Warum politischer Bildung in Österreichs Schulen zu lange Zeit zu wenig Raum gegeben wurde und wie man junge Menschen zu mündigen Bürgern erziehen kann, sagt Hellmuth im Interview mit derStandard.at.

derStandard.at: Wie ist es um die politische Bildung in Österreich bestellt?

Hellmuth: Nicht besonders gut. Es gab 2007/2008 zwar die Demokratie-Initiative und damit in Zusammenhang einige Projekte, aber in der Zwischenzeit ist alles wieder ruhig geworden. Die Professur an der Universität Wien wurde im Rahmen der Demokratie-Initiative ins Leben gerufen. Es ist in den vergangenen Jahren einiges passiert, aber nichts wirklich Strukturelles. Man hat den Lehrplan für Hauptschulen und AHS-Unterstufen geändert, ein Kompetenzmodell für politische Bildung ausgearbeitet. Das ist auch im Lehrplan der Unterstufe verankert worden. In Linz gibt es zudem seit 2009 ein Masterstudium, das unter anderem der Fortbildung der Lehrer und Lehrerinnen dient.

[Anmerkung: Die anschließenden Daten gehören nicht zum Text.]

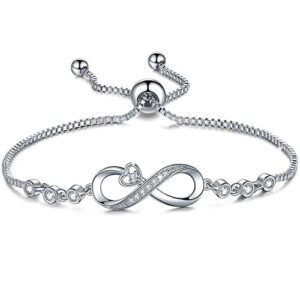 gifts for women her girlfriend teen girls,infinity heart bracelets for women,mothers day birthday presents for wife from husband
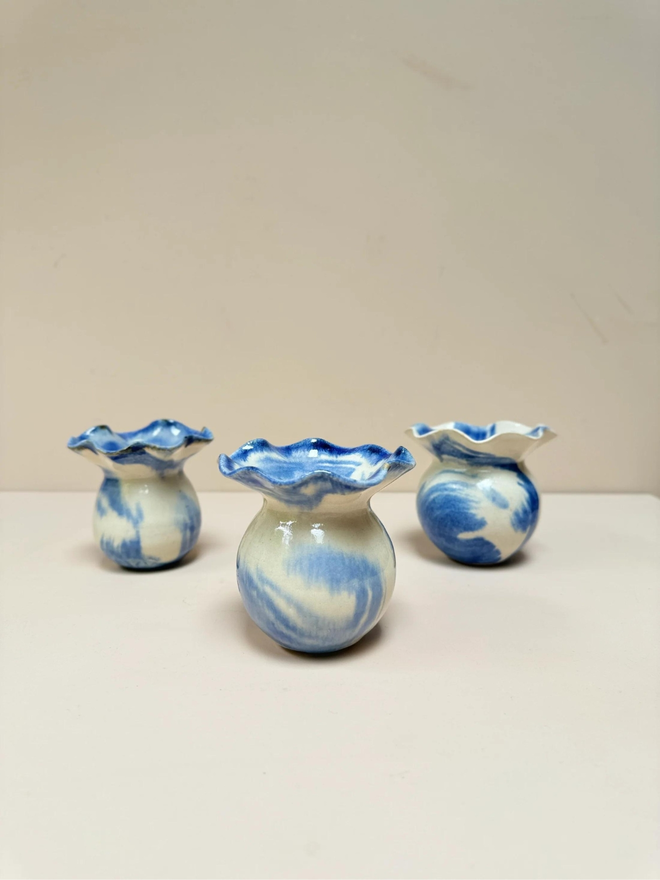 hand painted blue and white ceramic bud vases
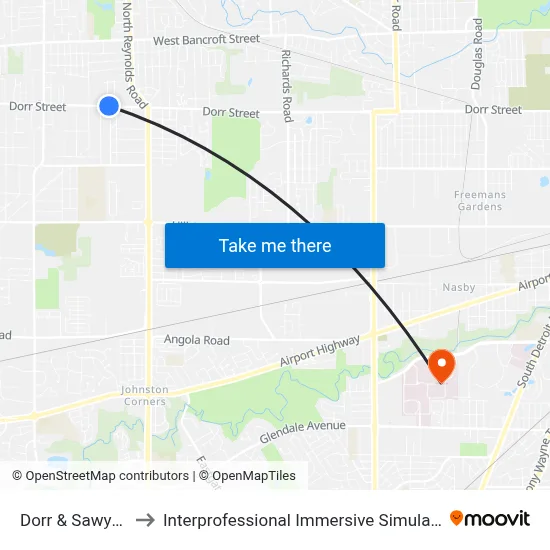 Dorr & Sawyer SW to Interprofessional Immersive Simulation Center map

Aber das Problem ist, dass letztlich keine einheitliche Ausbildung existiert, sondern eine sehr bunte Mischung. Das klingt zwar auf den ersten Blick sehr positiv, aber wenn man genauer hinschaut, dann weiß man nicht so recht, was die Inhalte politischer Bildung sind, wie sie erfolgen soll. Das ist ein Hinweis, dass die Professionalisierung politischer Bildung in Österreich noch nicht stattgefunden hat.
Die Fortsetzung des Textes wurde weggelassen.